Directions - Print every line below exactly as written, but leave the pictures behind.
──────── The data
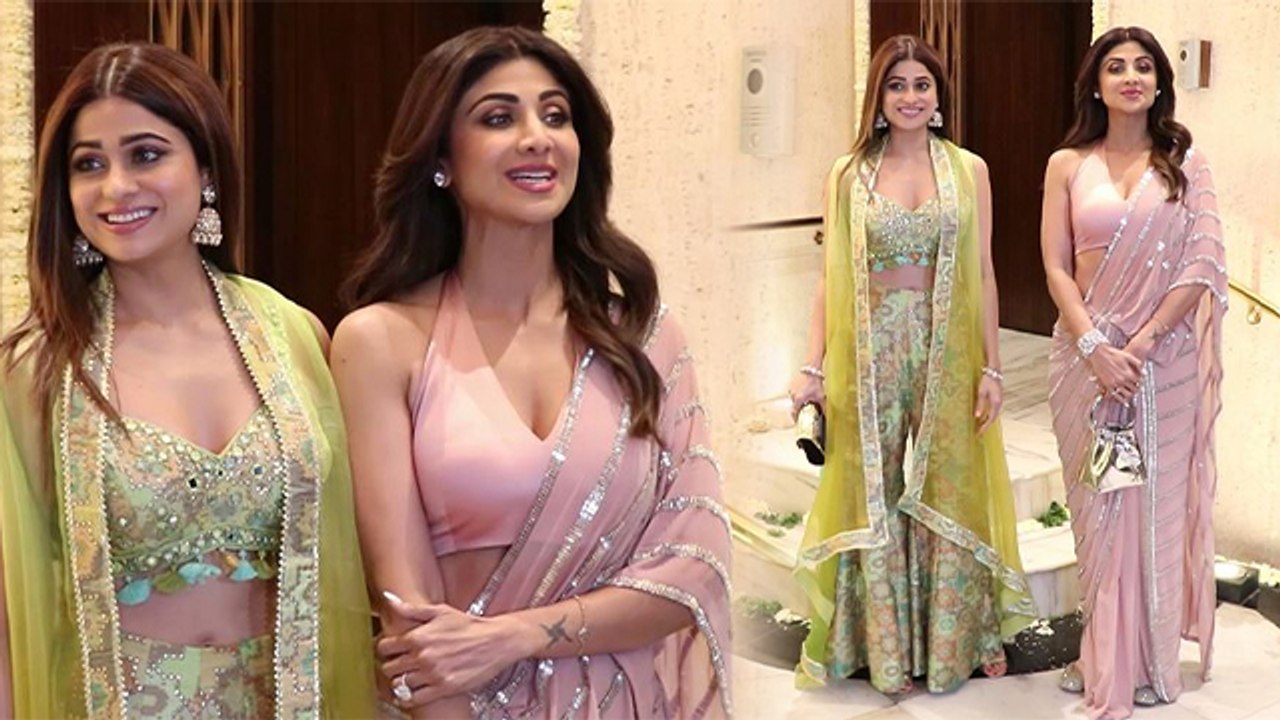 Shilpa Shetty Shamita Shetty Manish Malhotra Diwali Party Look Viral|Boldsky*Entertainment
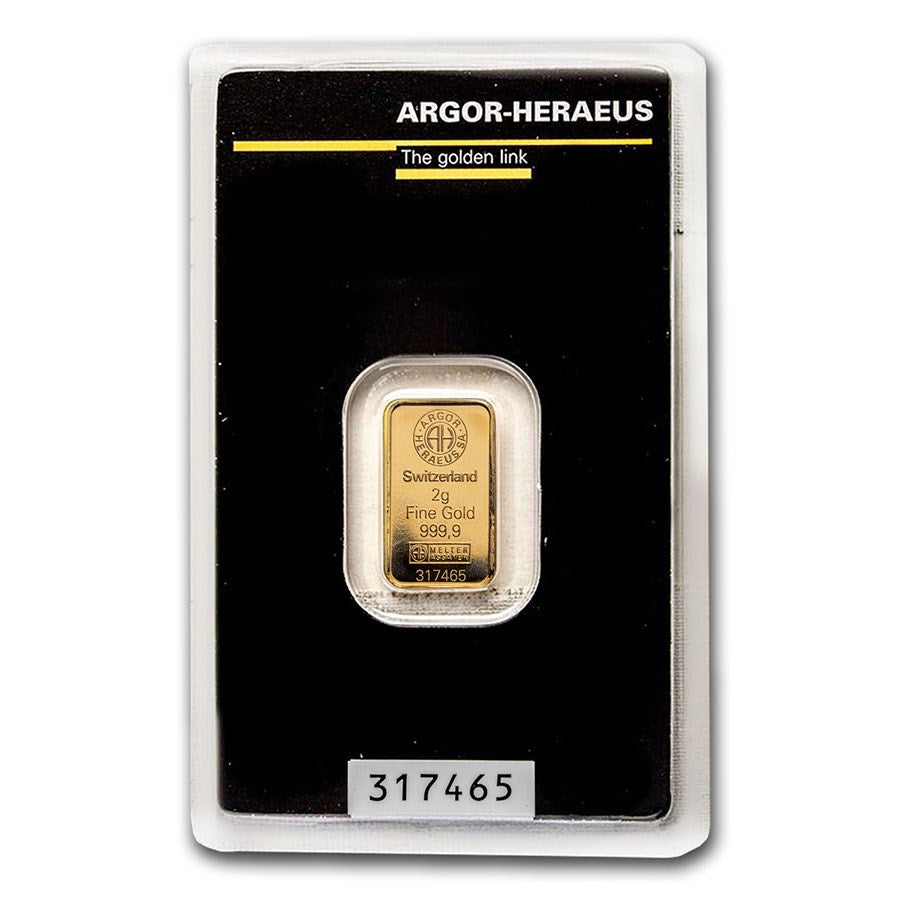 2 Gram Gold Bar Argor-Heraeus .9999 Fine In Assay 0.0643 Oz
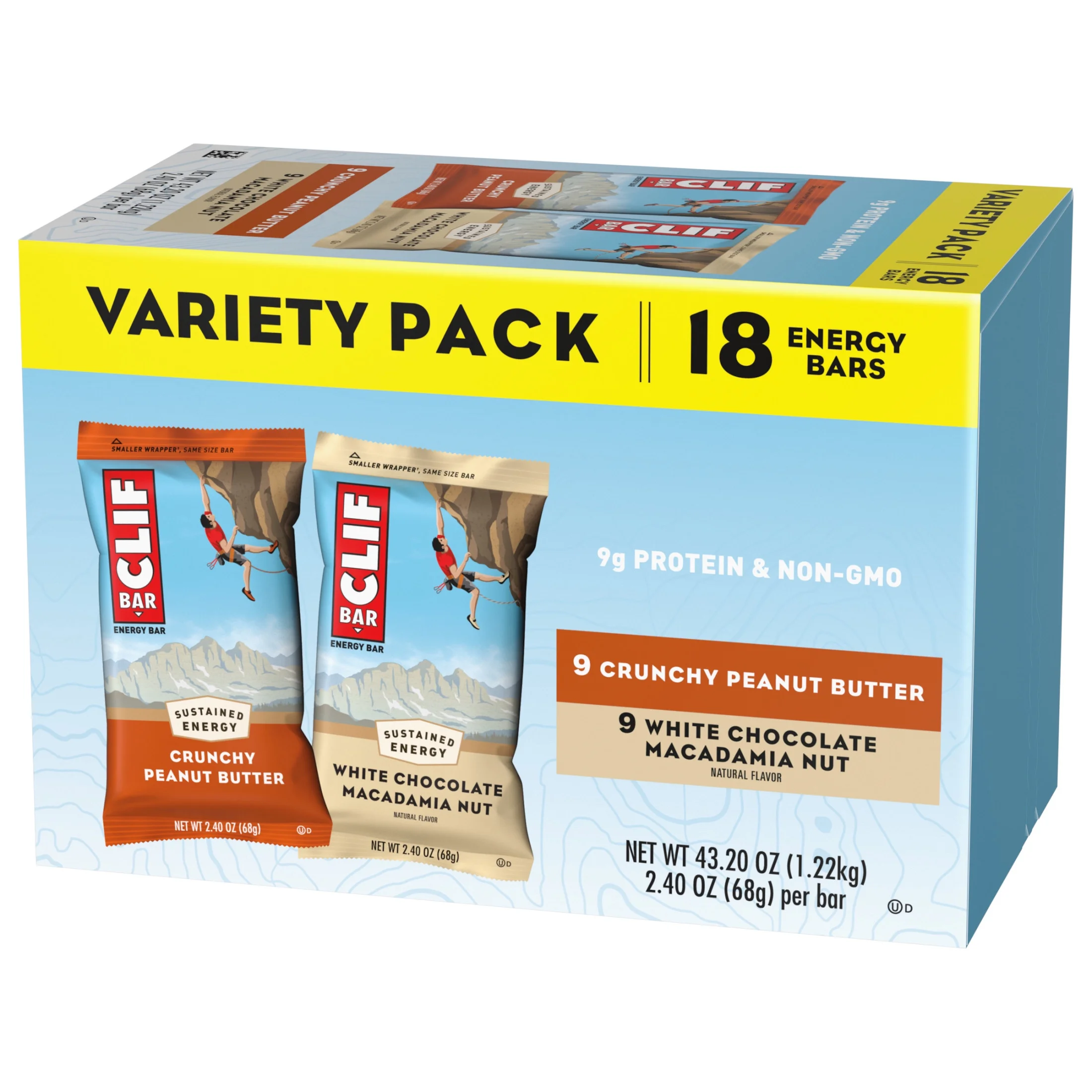 CLIF BAR - Crunchy Peanut Butter and White Chocolate Macadamia Nut Flavor - Variety Pack - Made with Organic Oats - 9-11g Protein - Non-GMO - Plant Based - Energy Bars - 2.4 oz. (18 Count)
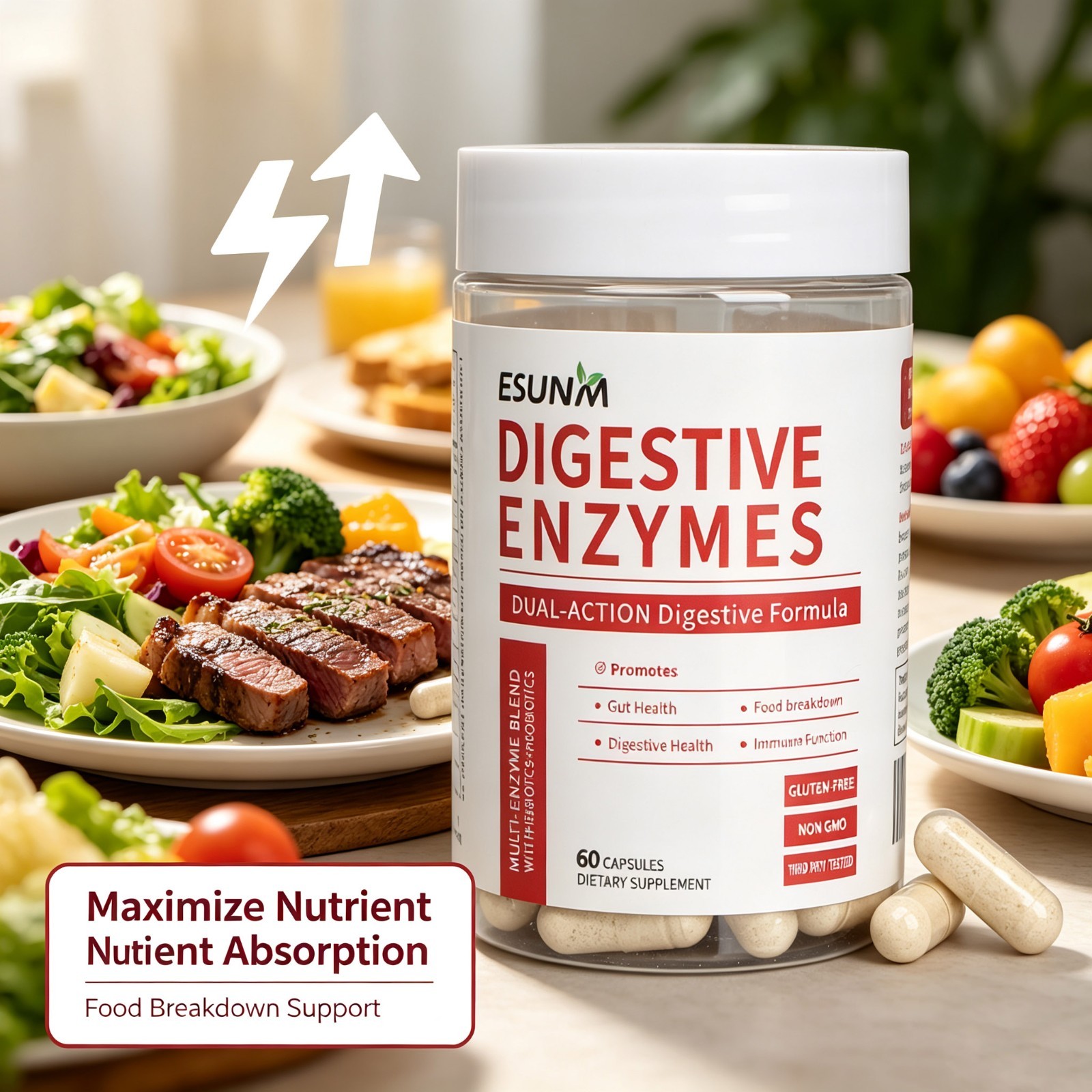 60ct Multi Digestive Enzyme Supplement Food Breakdown Nutrient Absorption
────────────────
Your solution -
 Shilpa Shetty Shamita Shetty Manish Malhotra Diwali Party Look Viral|Boldsky*Entertainment
 2 Gram Gold Bar Argor-Heraeus .9999 Fine In Assay 0.0643 Oz
 CLIF BAR - Crunchy Peanut Butter and White Chocolate Macadamia Nut Flavor - Variety Pack - Made with Organic Oats - 9-11g Protein - Non-GMO - Plant Based - Energy Bars - 2.4 oz. (18 Count)
 60ct Multi Digestive Enzyme Supplement Food Breakdown Nutrient Absorption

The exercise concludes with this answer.